Body Talk Pt. 1

Robyn

Konichiwa – 2010
par Jeff, le 5 août 2010
7

Quand on sait qu'un disque, aussi bon soit-il, a aujourd'hui une durée de vie très limitée, il est encore difficile de comprendre comment Robyn a réussi à vendre son album éponyme pendant presque cinq ans sans que personne ne semble montrer des signes de lassitude. Certes, l'incubation a été progressive et admirablement gérée, et la hype aussi contenue que constante, mais quand même. Mais si certaines personnes avaient encore des doutes sur les capacités de la Suédoise à jouer les Gordon Gecko en collants fluorescents, l'année 2010 devrait une bonne fois pour toutes leur clouer le bec: l'attente fut certes longue, mais de là à imaginer que Robyn allait nous revenir avec sous le bras trois albums, il y avait de la marge. Pourtant, c'est bien en trois volets prévus pour les mois à venir que se (dé)compose Body Talk, dont nous avons affaire depuis peu au premier tiers.

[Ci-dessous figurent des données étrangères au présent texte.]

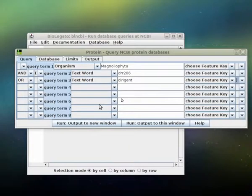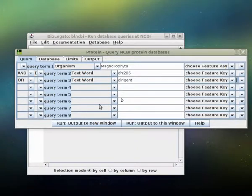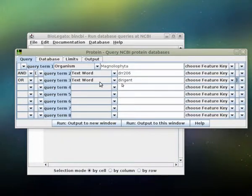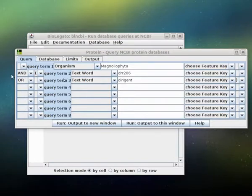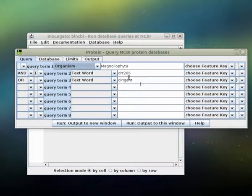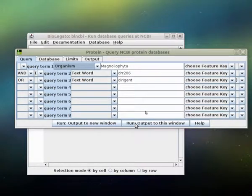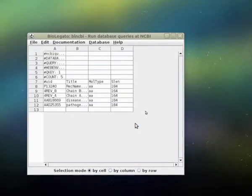As an example, our goal will be to retrieve dirigent proteins from plants. The original dirigent proteins are cloned under the name DRR206, but now are known as dirigent proteins. To get those specifically from flowering plants, we're going to set the organism field to Magnoliophyta, and then we'll have the search look for either of these two terms. We'll run the search, and there we go.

On le sait, la crédibilité de Robyn est depuis de nombreuses années au zénith, notamment depuis qu'elle a quitté les sphères de la musique préformatée au début de la décennie passée pour se lancer dans l'aventure Konichiwa Records avec le succès que l'on connaît – tournée avec Madonna, fricotages avec Snoop Dogg ou Britney Spears. Et pourtant, dieu sait s'il fallait être sûr de son coup alors que des producteurs comme Max Martin, à l'origine de tubes planétaires pour Britney Spears, Katy Perry ou Pink, auraient pu continuer à faire de Robin Miriam Carlsson une chanteuse aussi viable commercialement qu'inintéressante artistiquement. Mais les risques, la Suédoise aime cela, d'autant plus qu'en bientôt 20 ans de carrière, ceux-ci ont toujours été payants. Alors pourquoi s'arrêter en si bon chemin?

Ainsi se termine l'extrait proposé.